In response I quote the following:

“. . . If it is true that government derives its authority from God and is entrusted by Providence to act as the guardian of the ignorant and stupid populace then it is certainly its task to regiment every aspect of the subject’s conduct. The God-sent ruler knows better what is good for his wards then they do themselves. It is his duty to guard them against the harm they would inflict upon themselves if left alone . . .

“These fears are not merely imaginary specters terrifying secluded doctrinaires. It is a fact that no paternal government, whether ancient or modern, ever shrank from regimenting its subjects’ minds, beliefs, and opinions. If one abolishes man’s freedom to determine his own consumption, one takes all freedom away. The naive advocates of government interference with consumption delude themselves when they neglect what they disdainfully call the philosophical aspect of the problem. They unwittingly support the censorship, inquisition, religious intolerance and persecution of dissenters.”

Who would dare pen such blasphemous drivel? Jane Fonda? Ramsey Clark? Gus Hall? Nay! Ludwig von Mises, distinguished free market economist, darling of the National Review-Human Events set.

Without choice morality (any morality, objectivist, theist or statist) can not exist.

I was using the old Mises one/two prohibition punch, attacking both censorship and the War on Drugs, something I have continued to do over the course of the next thirty-nine years.

Tuccille’s book also introduced me to Murray N. Rothbard, who became the most decisive intellectual influence upon me over the next forty one years.

I discovered the pleasures of reading Robert Nisbet when visiting one of my professors at the University of Tulsa, Dr. Bernard Davis. He mentioned that “one of your guys,” economist F. A. Hayek, had just won the Nobel Prize that day. We discussed Hayek, Mises, and Rothbard and their intellectual contributions. I noticed on the books shelves behind his office desk a copy of Nisbet’s The Quest for Community and mentioned that I was familiar with the title but had not read the book. He loaned me his copy and I was hooked. Nisbet became one of my favorite authors for exactly the reasons Gary North outlined. On September 6, 1989 I received a gracious note from Nisbet in reference to an earlier communication I had sent him concerning the great impact his books had upon me (“I can’t imagine any author’s heart being more gladdened than mine by your kind letter”) and praising my Tulsa Tribune “Point of View” Op-Ed editorial, “The Libertarian Temperament,” I had sent him which he described as “your splendid little essay on libertarianism.
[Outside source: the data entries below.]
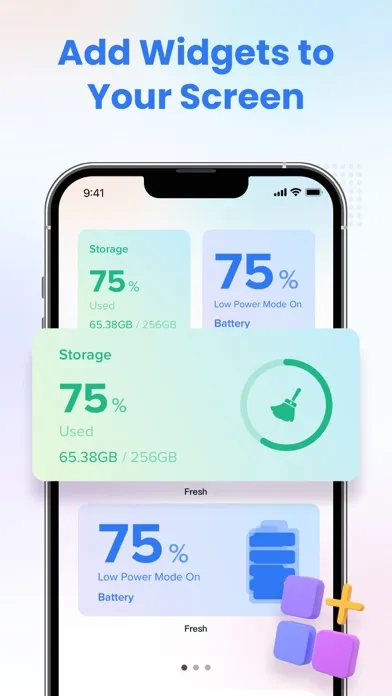 ภาพหน้าจอของ Fast Cleaner - Clean Storage !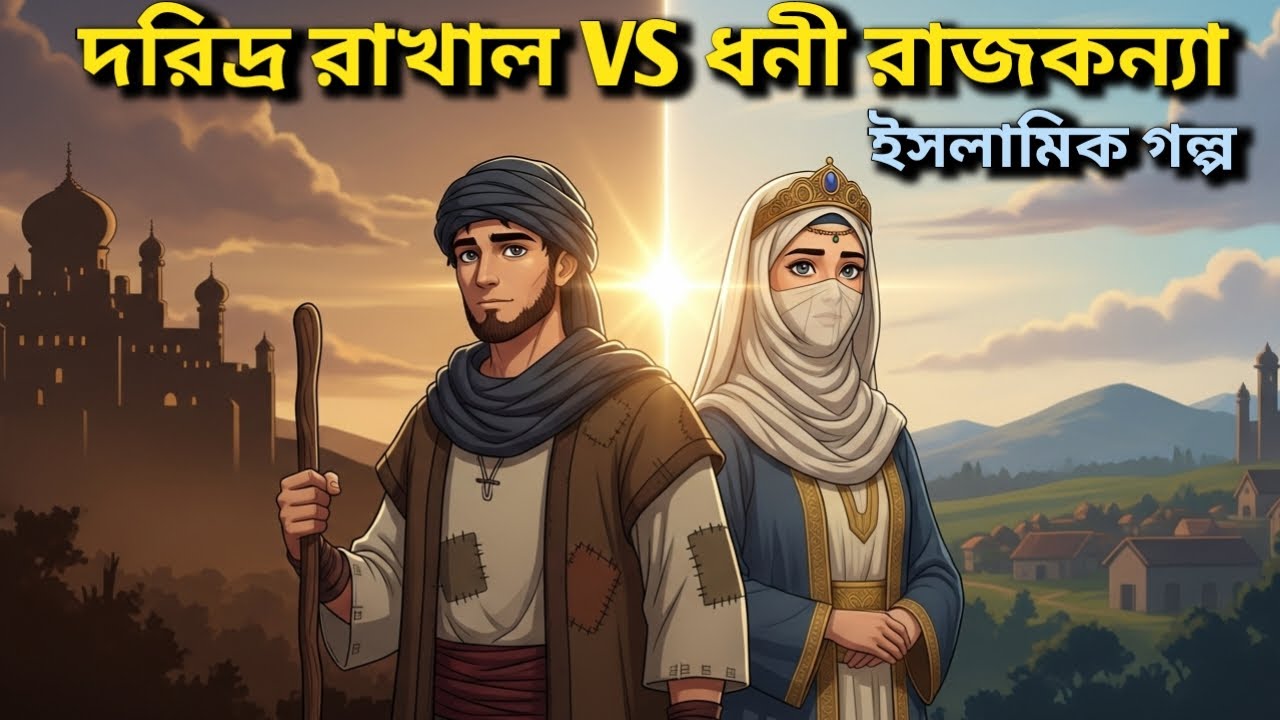 সাহসী রাখাল ও রাজকন্যার অবিশ্বাস্য গল্প  | ঈমানের শক্তি | ইসলামিক  কাহিনী  | Islamic Noor Kotha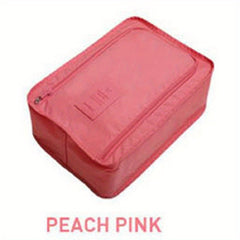 Portable Folding Shoe Bag Travel Storage Waterproof Beach Shoe Bag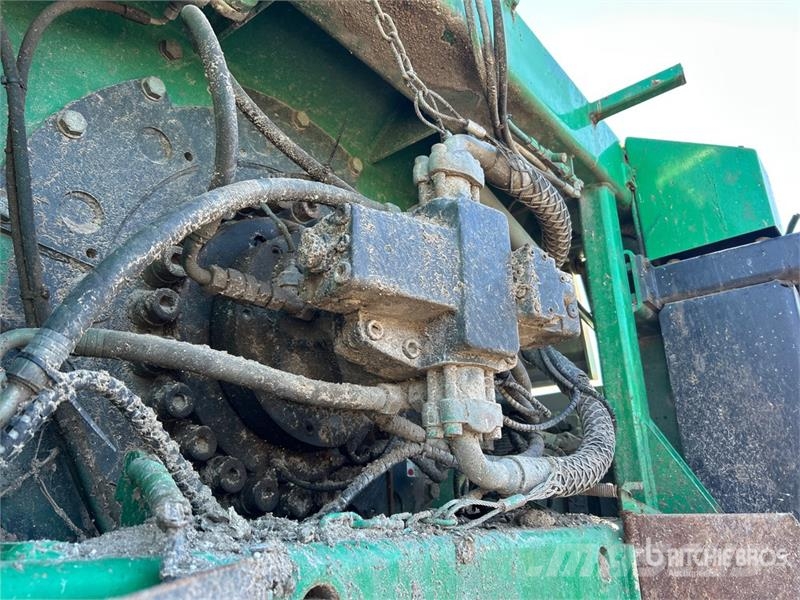 Komptech Terminator 5000S Tracked Shredder آلات تمزيق المخلفات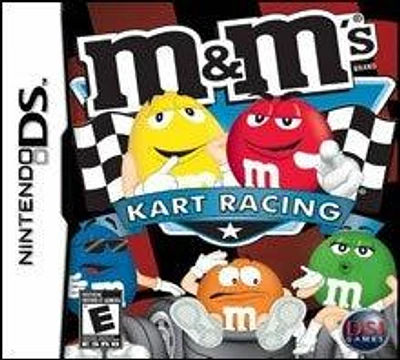 M and M's Kart Racing - Nintendo DS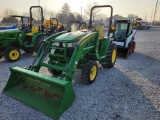 2014 John Deere 3046R Compact Loader Tractor 'Elite Ride & Drive'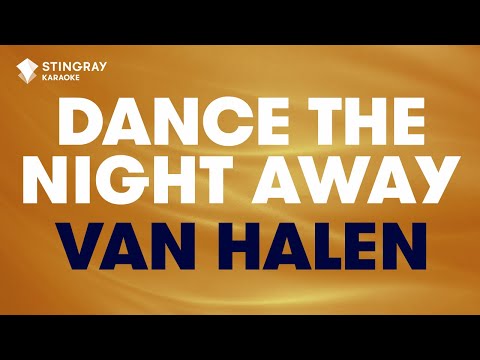 Van Halen - Dance The Night Away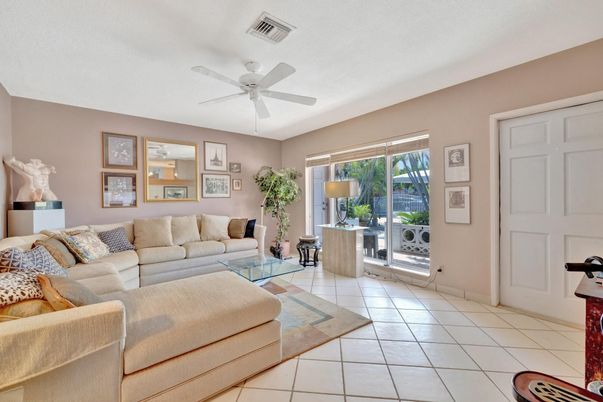 Interior, Living room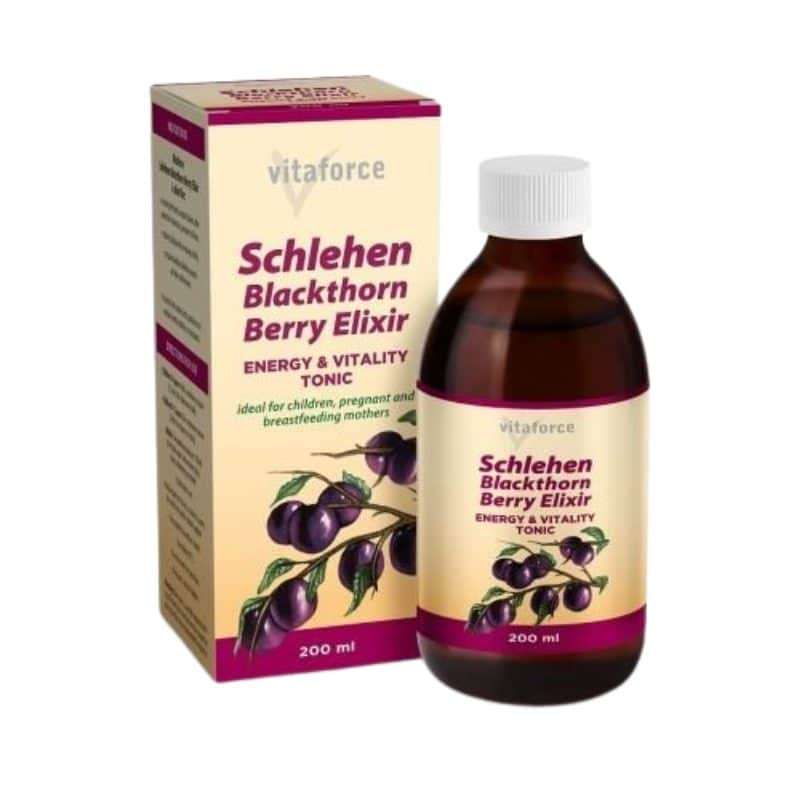 Vitaforce Schlehen Blackthorn Berry Elixir 200ml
True and eloquent.”

As to economist Ben Rogge, I have only his Can Capitalism Survive? and various articles from The Freeman upon which to draw upon as intellectual ammunition. But as Gary North notes, Rogge’s intimate connections with establishing Liberty Fund/Liberty Press has proven invaluable over the past four decades in amassing my personal library of thousands of titles.

Truly the people Dr. North discussed have been lighthouses in a dark and foggy world of ideas.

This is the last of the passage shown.